- [Task statement]: In the copy of the lines below, leave out pictures and print everything else exactly.

- [Record set]:
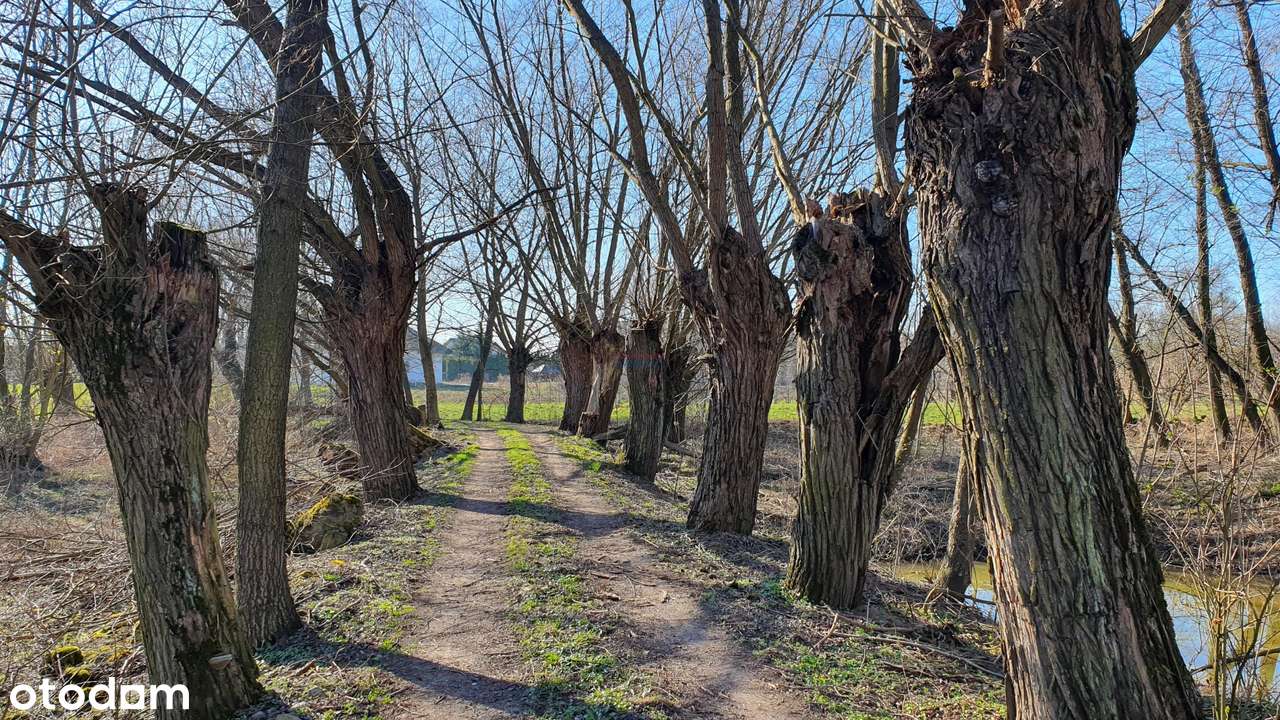 Działka, 29500.0 m², Dębówka - Pełny obrazek: 5/20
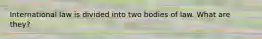 International law is divided into two bodies of law. What are they?
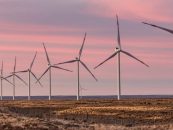 PCR: “La energía certificada nos da ventaja en mercados internacionales”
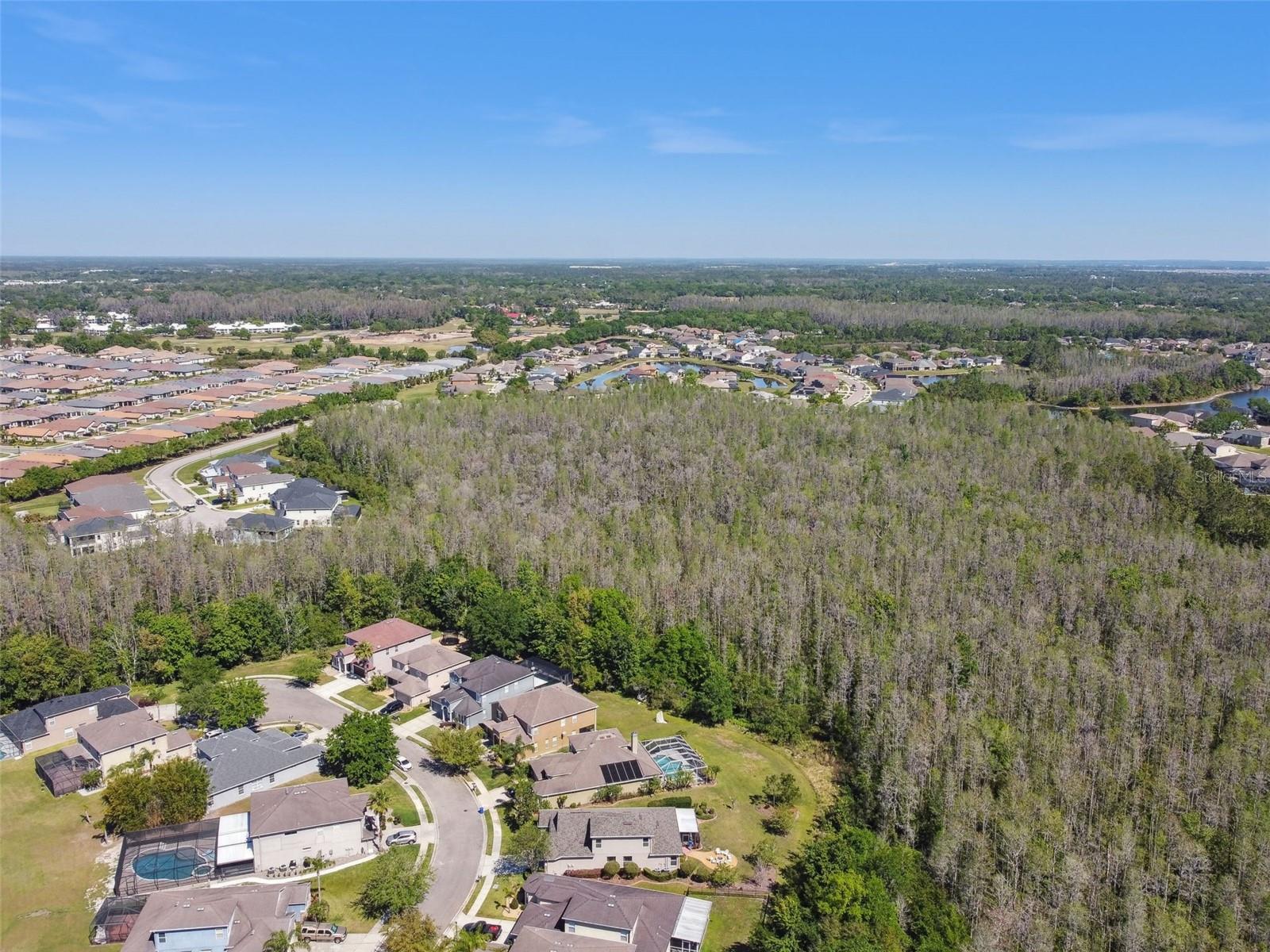 4336 WATERVILLE AVE, WESLEY CHAPEL, FL, 33543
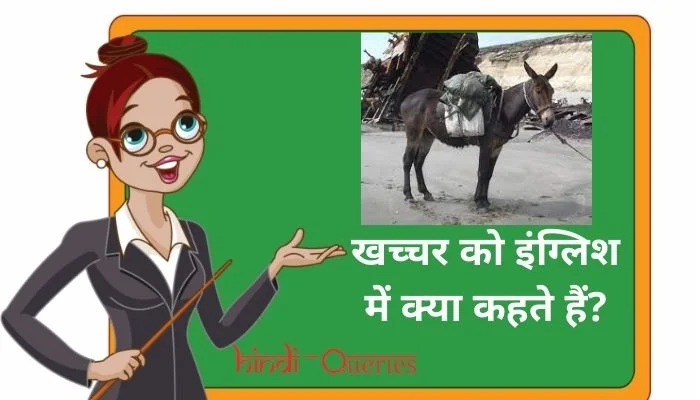 खच्चर को इंग्लिश में क्या कहते हैं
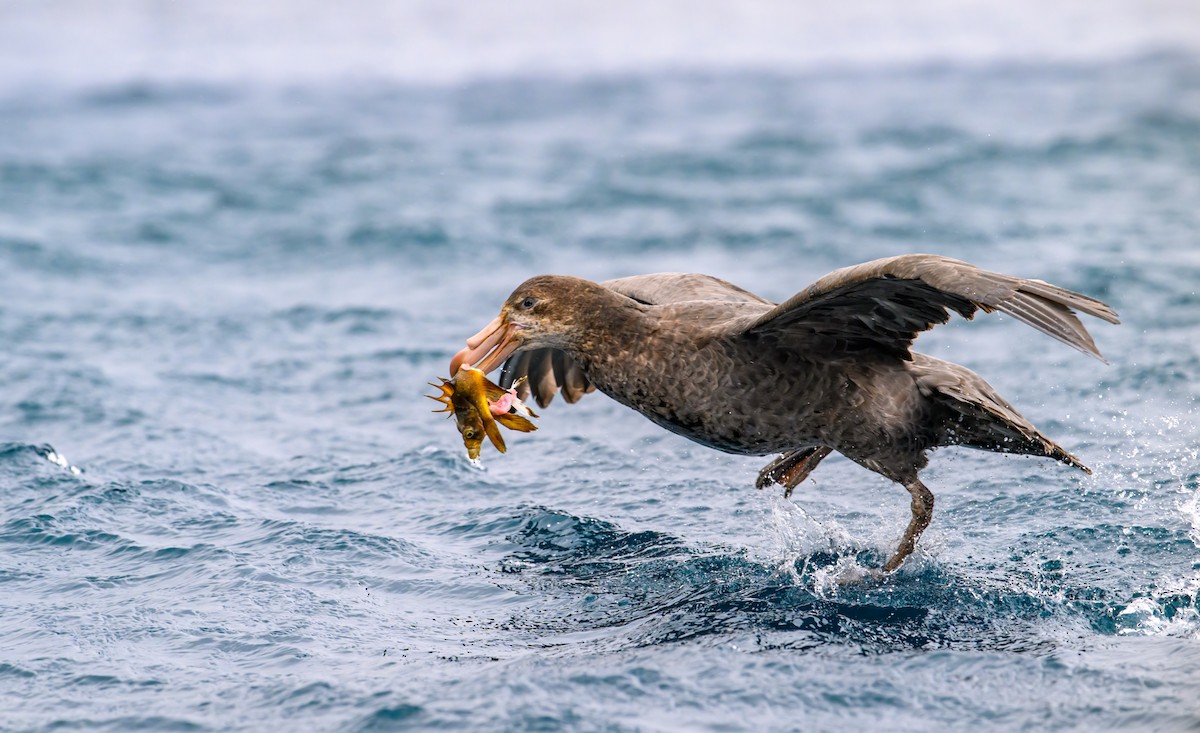 Northern Giant-Petrel - ML612654949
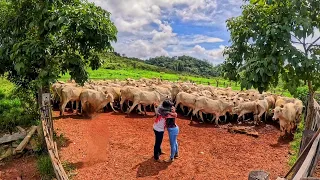 CHORO E EMOÇÃO 🙏 NÃO ESTAMOS ACREDITANDO MAIS UM SONHO REALIZADO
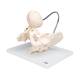 3B Scientific L30 Childbirth Demonstration Pelvis Model with Fetal Skull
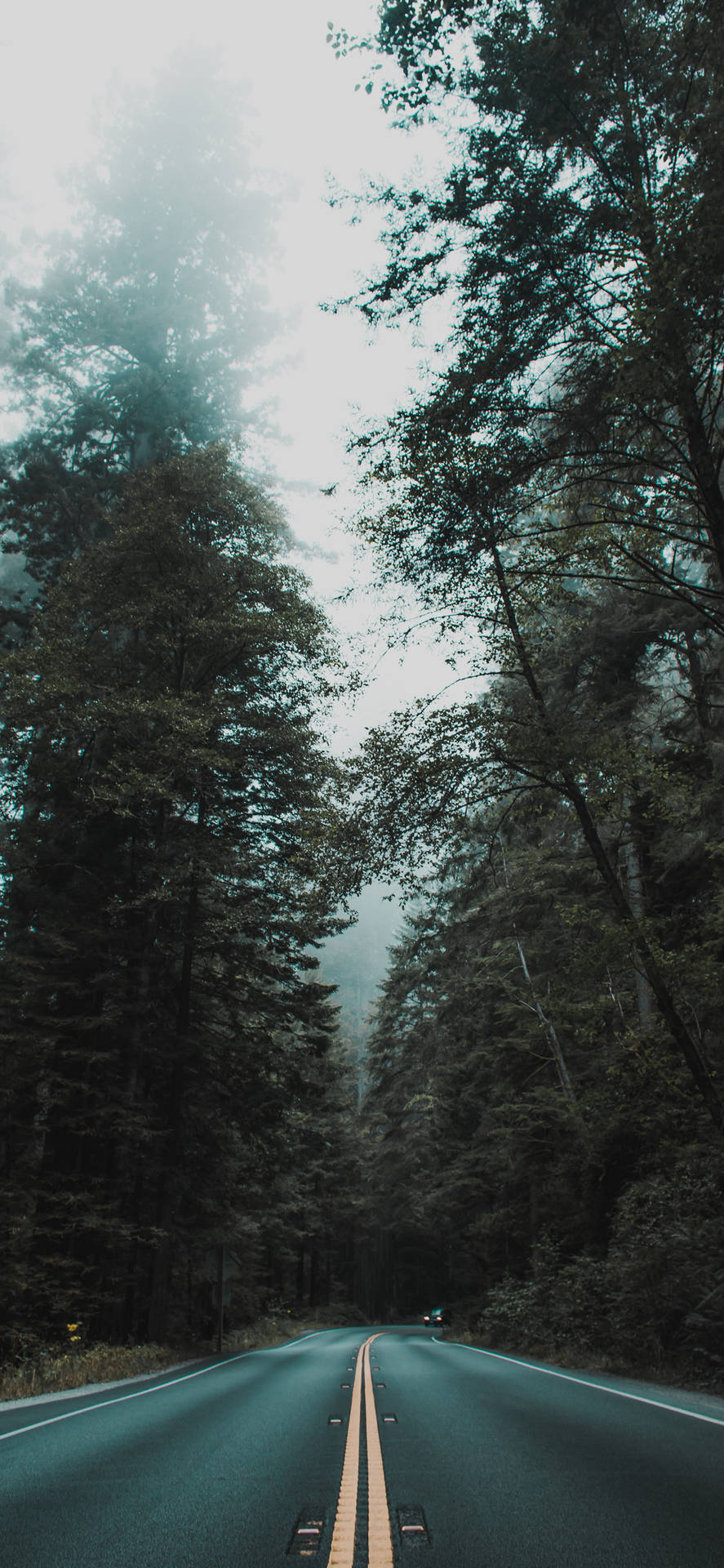 Cool Iphone Xs Max Foggy Trees Background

- [Task response]:
 Działka, 29500.0 m², Dębówka - Pełny obrazek: 5/20
 International law is divided into two bodies of law. What are they?
 PCR: “La energía certificada nos da ventaja en mercados internacionales”
 4336 WATERVILLE AVE, WESLEY CHAPEL, FL, 33543
 खच्चर को इंग्लिश में क्या कहते हैं
 Northern Giant-Petrel - ML612654949
 CHORO E EMOÇÃO 🙏 NÃO ESTAMOS ACREDITANDO MAIS UM SONHO REALIZADO
 3B Scientific L30 Childbirth Demonstration Pelvis Model with Fetal Skull
 Cool Iphone Xs Max Foggy Trees Background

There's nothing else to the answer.